Tony Dejak, Associated Press

CLEVELAND — His latest homecoming over and the hatred subsided, LeBron James had more to do.

He greeted a fans standing behind the bench and personally delivered his headband to a young admirer before heading to the locker room. He left the floor he once owned, skipping down a carpeted runway and slapping outstretched hands with every step.

It was time to leave for his new home.

It was time to go back to Miami and run down an NBA title.

James scored 28 points in his third game back in Cleveland as a visitor, Dwyane Wade added 22 and the Heat concluded a six-game road trip with their fifth straight win, 111-87 over the Cavaliers, who seemed intimidated by Miami's mere presence.

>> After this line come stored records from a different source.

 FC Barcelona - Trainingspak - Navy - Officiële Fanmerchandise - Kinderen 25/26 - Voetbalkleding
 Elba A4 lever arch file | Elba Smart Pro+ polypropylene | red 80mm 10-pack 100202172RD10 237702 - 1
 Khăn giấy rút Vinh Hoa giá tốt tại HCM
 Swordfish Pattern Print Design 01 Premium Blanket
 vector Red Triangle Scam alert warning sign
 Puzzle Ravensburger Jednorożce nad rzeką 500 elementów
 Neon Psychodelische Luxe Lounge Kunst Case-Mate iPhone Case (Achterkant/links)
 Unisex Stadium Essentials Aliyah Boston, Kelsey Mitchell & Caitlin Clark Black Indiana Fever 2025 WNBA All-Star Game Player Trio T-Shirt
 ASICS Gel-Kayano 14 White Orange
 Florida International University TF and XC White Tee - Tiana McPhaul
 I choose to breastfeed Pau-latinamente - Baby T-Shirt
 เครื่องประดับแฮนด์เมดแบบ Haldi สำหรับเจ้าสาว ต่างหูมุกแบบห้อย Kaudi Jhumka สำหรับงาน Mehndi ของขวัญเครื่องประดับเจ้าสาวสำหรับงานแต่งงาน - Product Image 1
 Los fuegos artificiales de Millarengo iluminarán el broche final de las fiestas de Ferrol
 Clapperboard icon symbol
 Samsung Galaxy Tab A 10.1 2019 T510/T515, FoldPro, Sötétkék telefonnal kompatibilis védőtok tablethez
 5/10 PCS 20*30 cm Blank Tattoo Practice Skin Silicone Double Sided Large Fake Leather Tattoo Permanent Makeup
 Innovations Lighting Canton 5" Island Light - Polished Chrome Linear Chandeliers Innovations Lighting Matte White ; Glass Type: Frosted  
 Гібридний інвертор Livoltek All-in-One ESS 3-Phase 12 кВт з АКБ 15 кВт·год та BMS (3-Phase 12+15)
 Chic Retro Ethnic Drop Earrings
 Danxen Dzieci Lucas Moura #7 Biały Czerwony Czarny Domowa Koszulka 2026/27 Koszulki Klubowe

Booed loudly every time he touched the ball by fans who haven't forgiven him for leaving two years ago, James scored 16 in the third quarter when the Heat opened a 34-point lead. He added four dunks, three 3-pointers, five rebounds, five assists and rested the entire fourth quarter.

Miami has won eight of nine, and went 5-1 on its trip, winning by an average of 18.8 points.

"The way we won these last five games was very impressive," James said. "We went on the road and won by double digits in each of those games and in some hostile environments. It was definitely a big road trip for us, six games in 10 days. We took care of business."

The Heat showed no mercy on the Cavs, who got 17 points from rookie Kyrie Irving and 15 from Ramon Sessions.

Cleveland coach Byron Scott was disturbed by a loss in which his team fell behind by 23 in the first quarter and never recovered.

"We looked like we were frightened," Scott said. "I said at halftime, 'It boggles my mind that you are scared of another man.'"

That would be James, who toyed with the Cavs and silenced a sell-out crowd that came to vent again at a player who thrilled them for seven seasons.

Other than pregame introductions, James was the one who made more noise.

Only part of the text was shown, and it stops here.